Minggu, 04 September 2011

ketidakwarasanku..

Ketidakwarasan Padaku - Sheila on 7
Ketidakwarasan padaku
Membuat bayangmu s’lalu ada
Menentramkan malamku
Mendamaikan tidurku

Ketidakwarasan padaku
Membuat hidupku lebih tenang
Aku tak kan sadari
Bahwa kau tak lagi di sini

Aku mulai nyaman
Berbicara pada dinding kamar
Aku tak kan tenang
Saat sehatku datang

Ketidakwarasan padaku
Selimut tebal hati rapuhku
Berkah atau kutukan
Namamu yang kusebut

Aku mulai nyaman
Berbicara pada dinding kamar
Aku tak kan tenang
Saat sehatku datang

Suara hati tak kan mati
Jika jiwa terus menari dan bermimpi
Aku tak pernah ingat hari, tanggal, dan detik saat kau pergi. Tak mau mengingat, lebih tepatnya. Satu-satunya hal yang aku tahu, tetiba separuh hatiku kebas. Seperti ada yang mencabut jantungku dengan paksa, sementara aku tak mampu menahannya. Seperti ada palu yang meremukkan sendi-sendiku, namun tak mampu kuteriakkan rasa ngilunya. Kenyataan menamparku begitu hebat, hingga aku menggelepar tak sadar. Bukan, bukan aku tak merasa perih. Namun pernahkah kau rasakan sakit yang terlalu hingga kau kebal akan rasa sakit itu? Begitulah.
Mimpi terasa lebih panjang dibanding malam, dan pagi adalah siksaan. Padahal sebelum pergimu, matahari adalah tempatku menggantungkan harap. Kini, silaunya serupa api yang menjilat-jilat lukaku. Seluruh jiwaku nyaris melepuh. Aku lumpuh.
Tak mampu membebat luka yang terlanjur menganga membuat tubuhku remuk. Jangan kau tanya bagaimana otak dan hatiku, mereka sudah tak berfungsi dengan baik.

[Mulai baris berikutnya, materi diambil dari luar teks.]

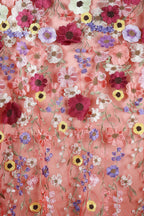 The image is a close-up of a fabric with a vibrant floral pattern, featuring a variety of colorful flowers such as red, pink, yellow, purple, and white. The flowers are intricately embroidered or sewn onto the fabric, creating a visually striking and detailed design.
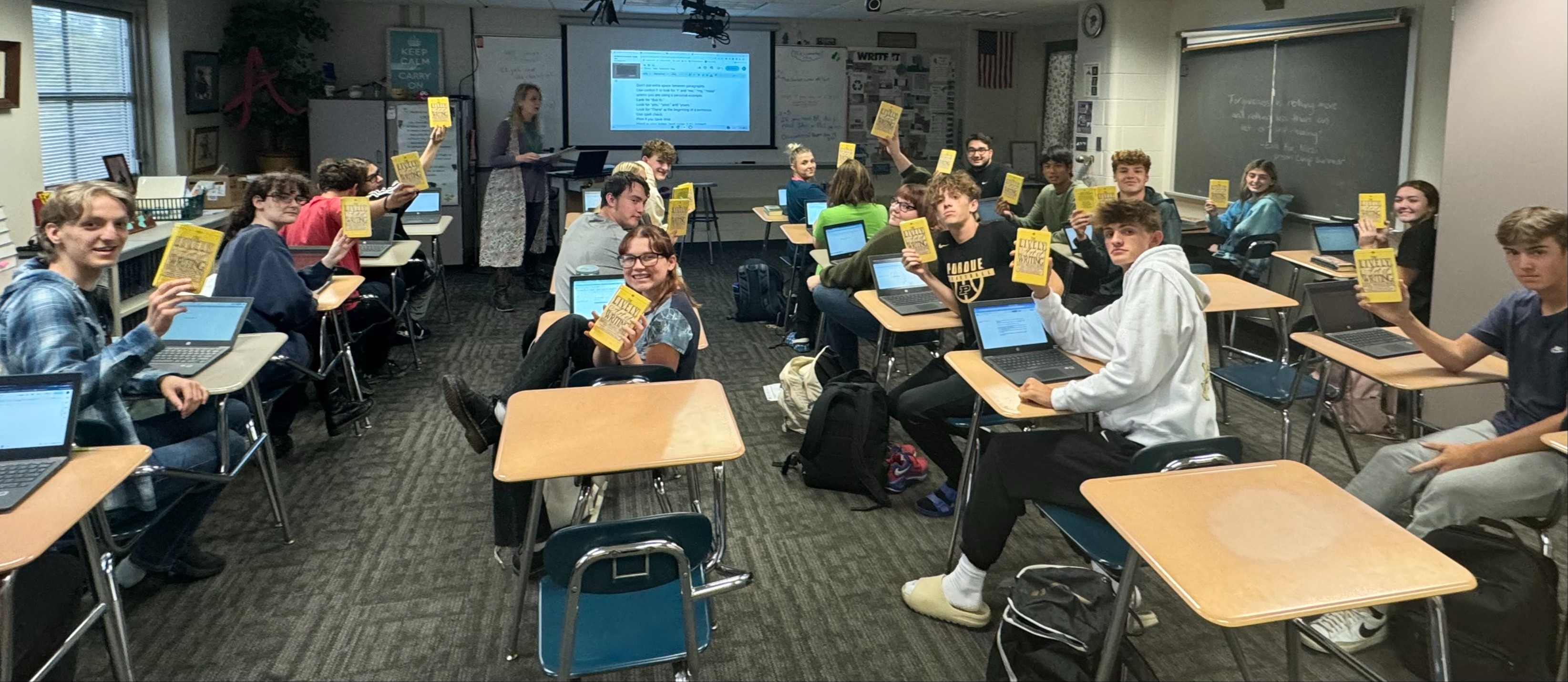 Students hold up their English writing books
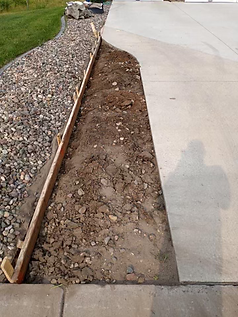 A concrete driveway is being built next to a gravel path.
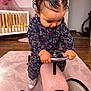 baby, carpet, child, clothing, crib, curly_hair, cute, focused, furniture, grip, hair_clips, handlebars, indoor, nursery, pink, play, shoes, toddler, toy_car, wooden_floor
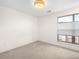 Well-lit bedroom featuring a large window and carpet flooring at 5360 Allison St # D, Arvada, CO 80002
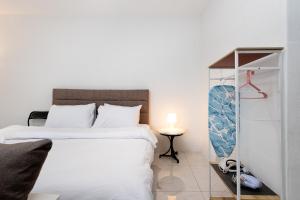 a bedroom with a large white bed and a table at Casa Bella - Private Studio Ipoh - Pet allowed in Ipoh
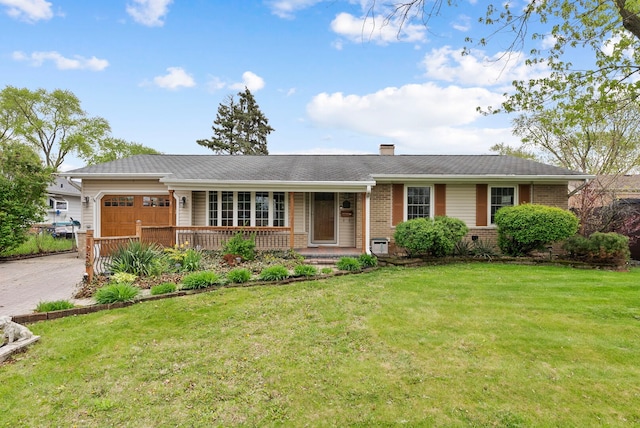single story home with covered porch, a front yard, a chimney, brick siding, and an attached garage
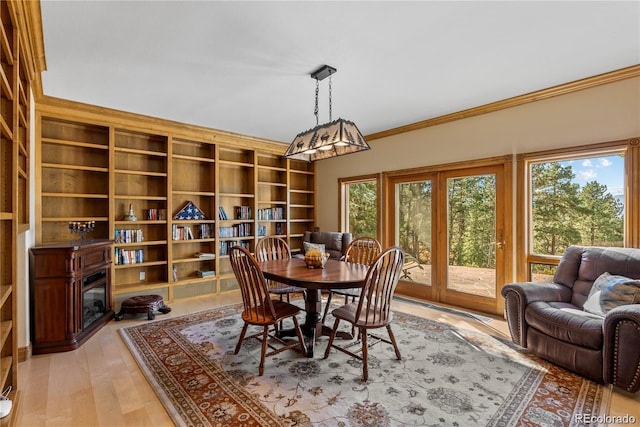 dining area with a glass covered fireplace, crown molding, and light wood-style flooring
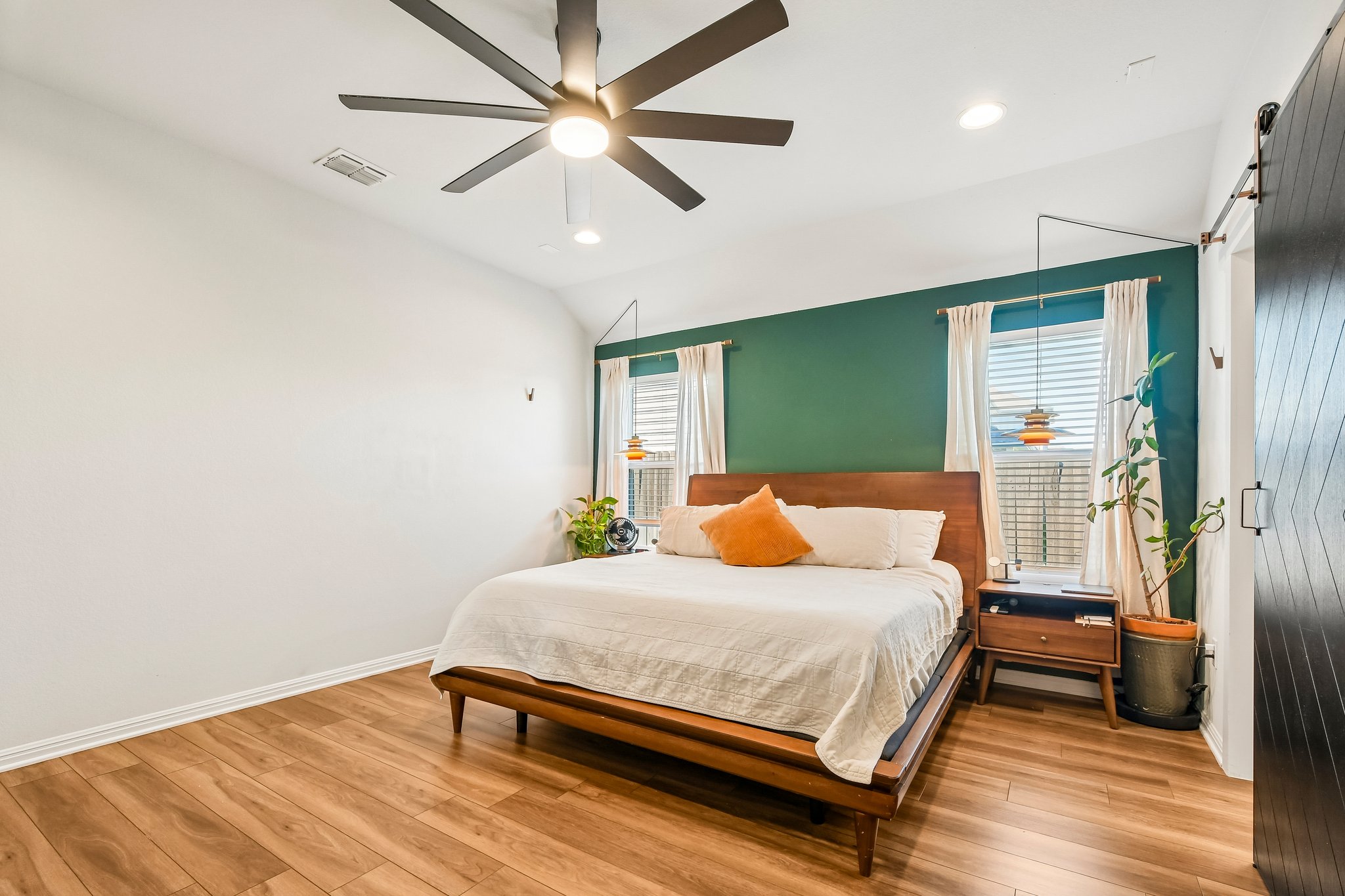 10700 Sentinel Drive Austin, TX 78747 - Photo 15 of 27 The primary features it's own ensuite closed off by a modern, sliding barn door.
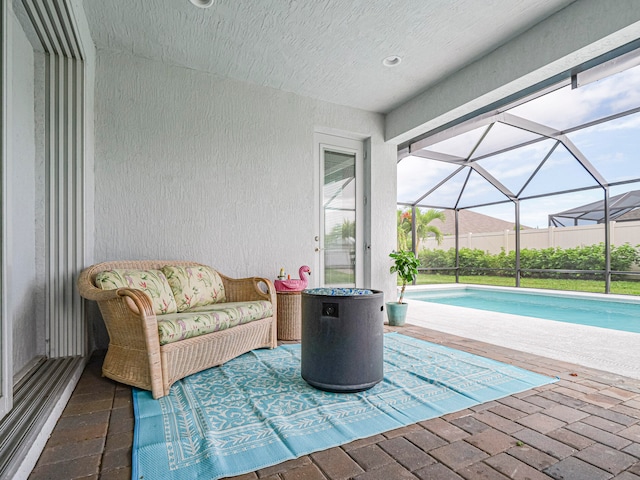 view of swimming pool with glass enclosure and a patio area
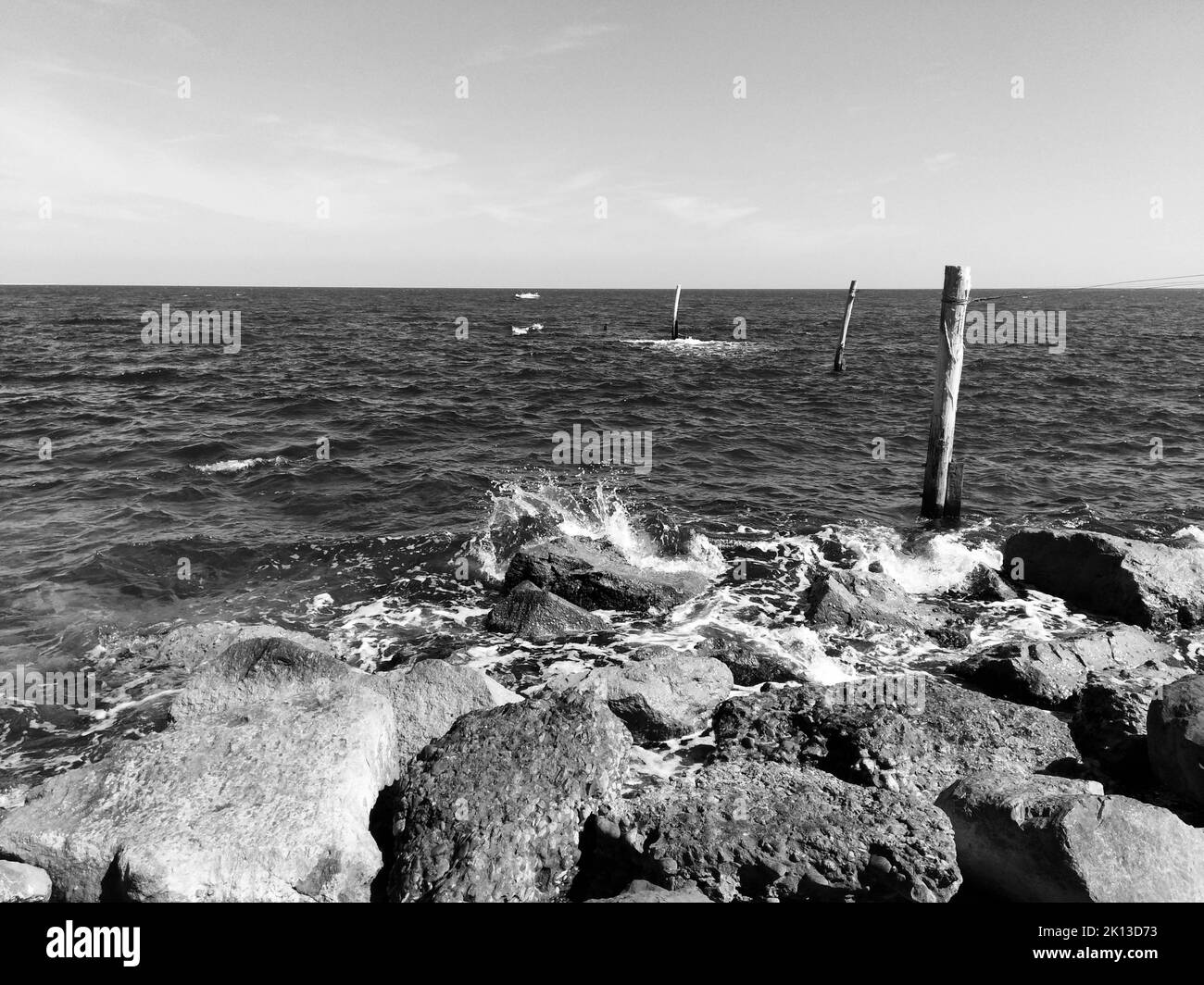 A grayscale of a rocky coast with splashing waves Stock Photo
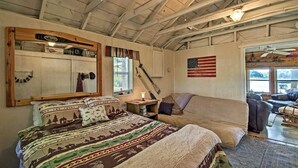 A rustic room with a bed, a wooden ceiling, a large mirror, an American flag, and a window with blinds. - Cozy Lakefront Cabin w/ Sandy Beach & Bunkhouse! (Deerwood)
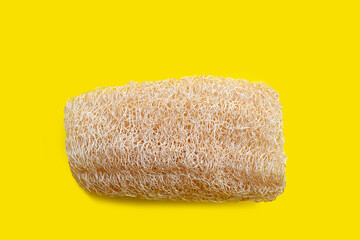 Sponge gourd for bath on yellow background.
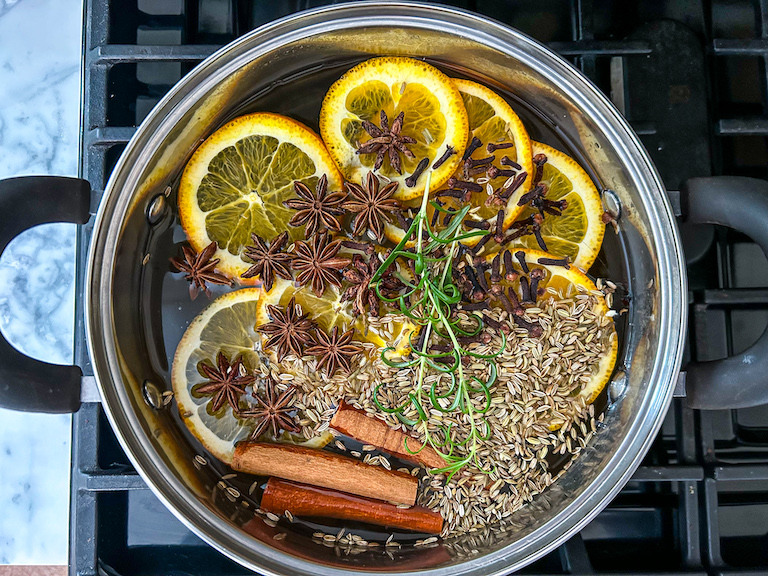 Star anise and orange simmer pot on a stovetop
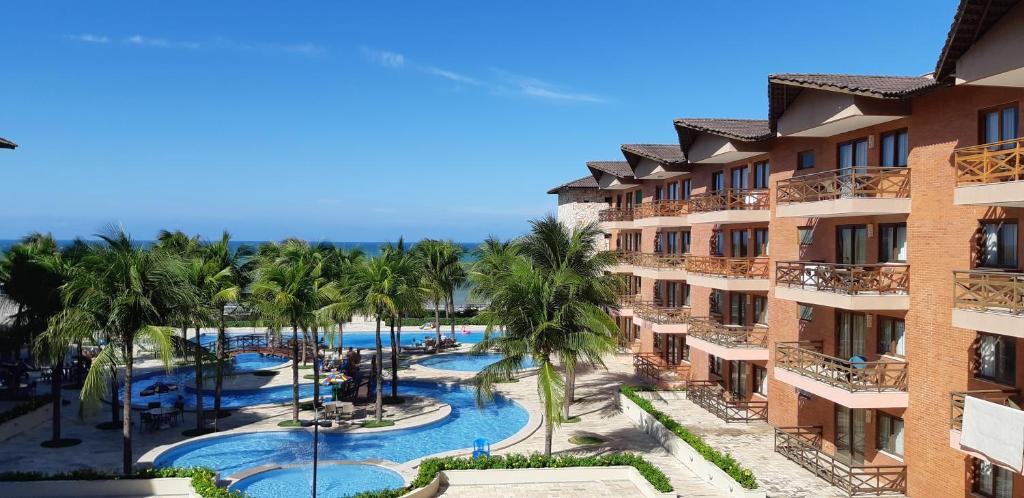 uma vista aérea de um resort com uma piscina e palmeiras em Manacá Apartamentos , Kariri Beach , Cumbuco em Cumbuco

Belum lagi jemari, nadi, hingga ginjalku; semua berwarna biru, serupa luka lebam bercorak namamu.
Entah berapa purnama kulewati hanya ditemani kenangan tentangmu. Toh nyatanya, bertemu banyak orang tak mampu mengobati rasa kehilangan. Justru kulihat bias wajahmu pada rasa kasihan mereka terhadapku. Bahkan tiap tempat yang kulalui, seolah menghadirkan adegan-adegan yang pernah aku dan kamu rekam bersama.
Kau tahu sayang, hanya dinding kamar yang paling sanggup menjadi pendengar yang setia saat kau rasa tak lagi punya orang yang kau cinta. Aku bebas menceritakan rasa sakitku padanya. Sekeras apa pekik tangis, tak pernah ia tanggapi dengan sinis. Ini caraku untuk sedikit melupakan rasa kehilanganku, namun bukan melupakanmu. Kebiasaan yang menghantarku pada cibiran orang di sekelilingku. Mungkin mereka yang menertawakan keadaanku belum pernah merasakan kehilangan yang sangat.
Lama kelamaan aku terbiasa menikmati sendiriku, berteman bayangmu. Tertawa-menangis-memaki-merenung-menyesal-muntah-sekarat. Begitu saja, berulang-ulang, setiap detiknya. Entah sampai kapan.